# TASK GOAL
Output each entry that follows exactly. Images stay out.

# DATASET CONTENT
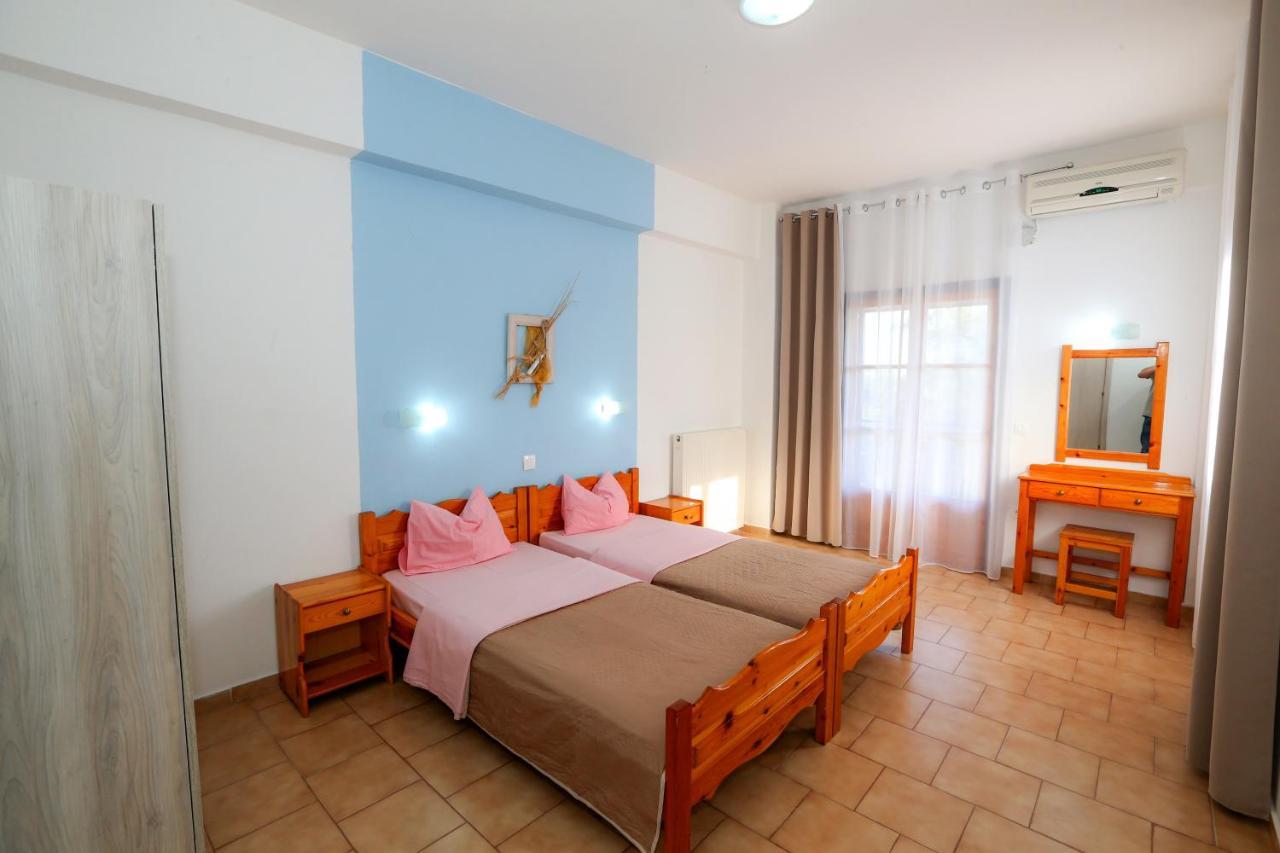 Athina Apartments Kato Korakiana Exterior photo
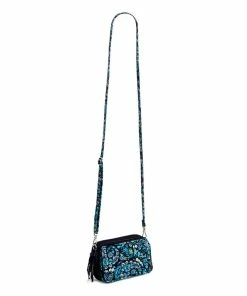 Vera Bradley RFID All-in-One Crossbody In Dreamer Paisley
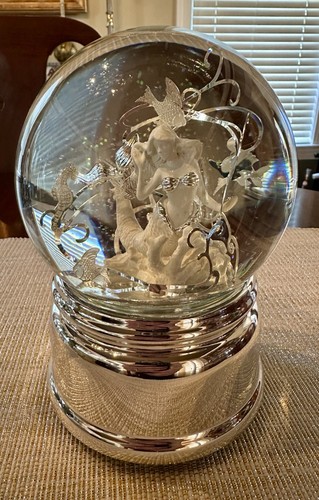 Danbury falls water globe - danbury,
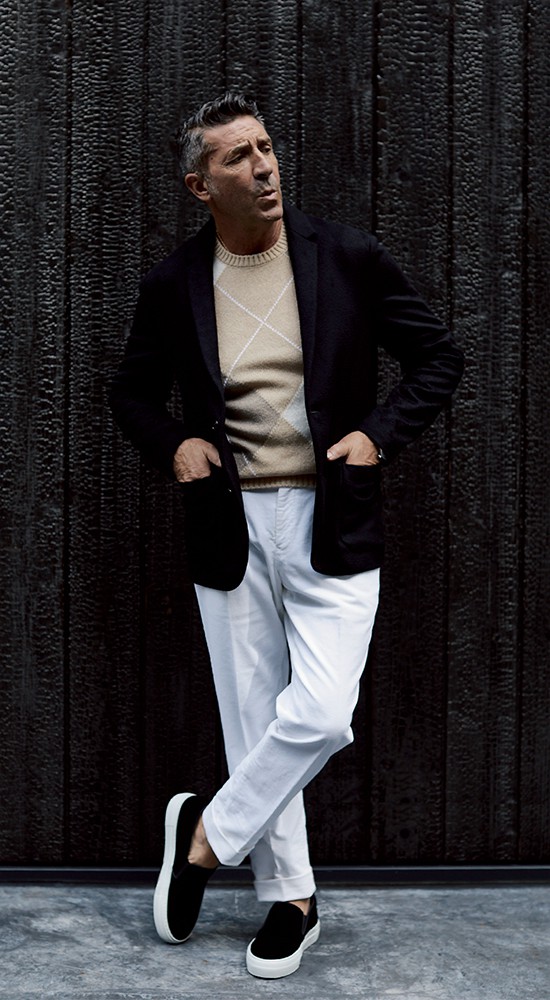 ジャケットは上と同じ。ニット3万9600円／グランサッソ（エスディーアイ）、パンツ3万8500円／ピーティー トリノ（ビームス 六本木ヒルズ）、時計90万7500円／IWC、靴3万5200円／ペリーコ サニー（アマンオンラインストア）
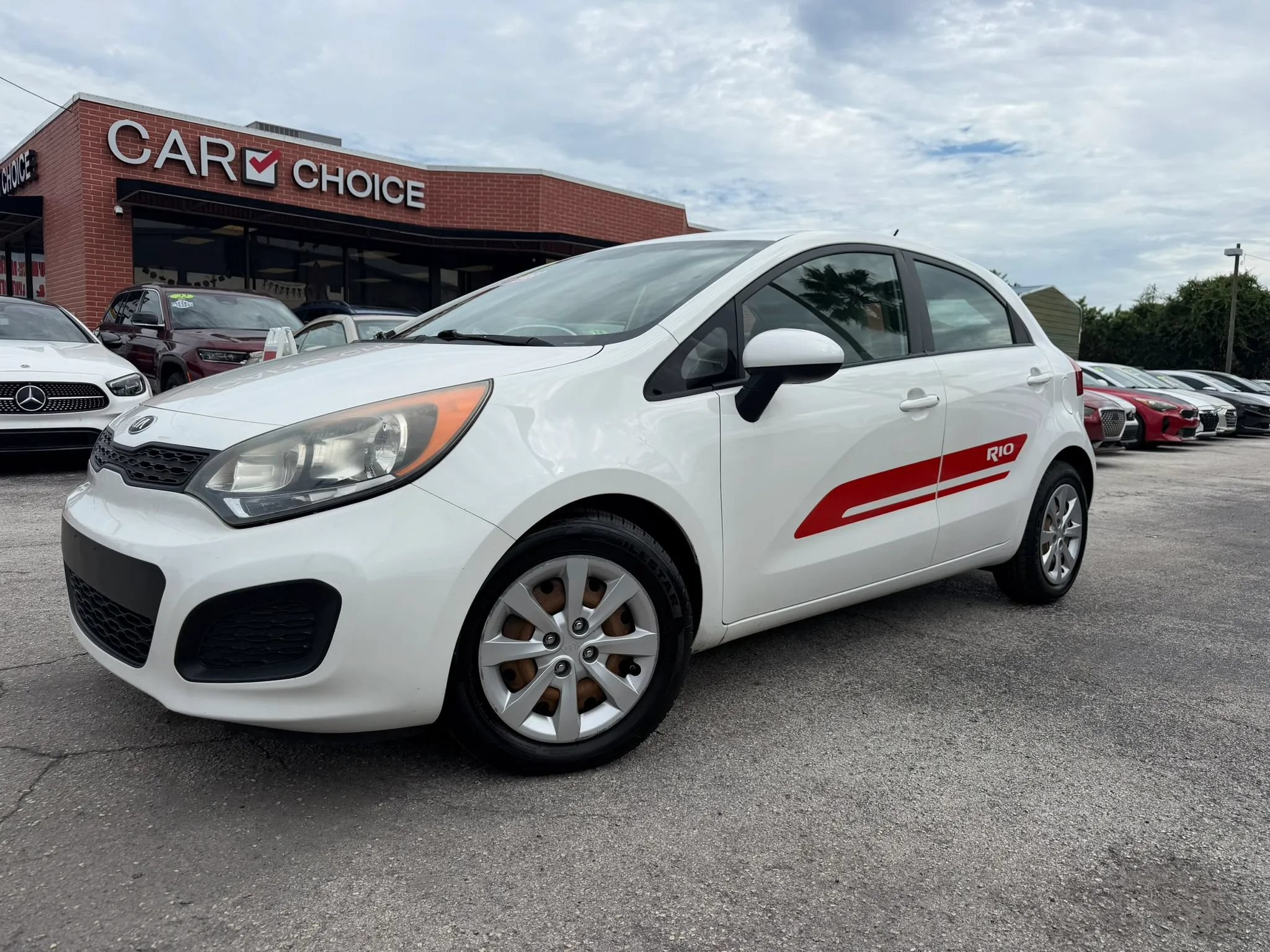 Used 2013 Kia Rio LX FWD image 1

# SOLUTION
 Athina Apartments Kato Korakiana Exterior photo
 Vera Bradley RFID All-in-One Crossbody In Dreamer Paisley
 Danbury falls water globe - danbury,
 ジャケットは上と同じ。ニット3万9600円／グランサッソ（エスディーアイ）、パンツ3万8500円／ピーティー トリノ（ビームス 六本木ヒルズ）、時計90万7500円／IWC、靴3万5200円／ペリーコ サニー（アマンオンラインストア）
 Used 2013 Kia Rio LX FWD image 1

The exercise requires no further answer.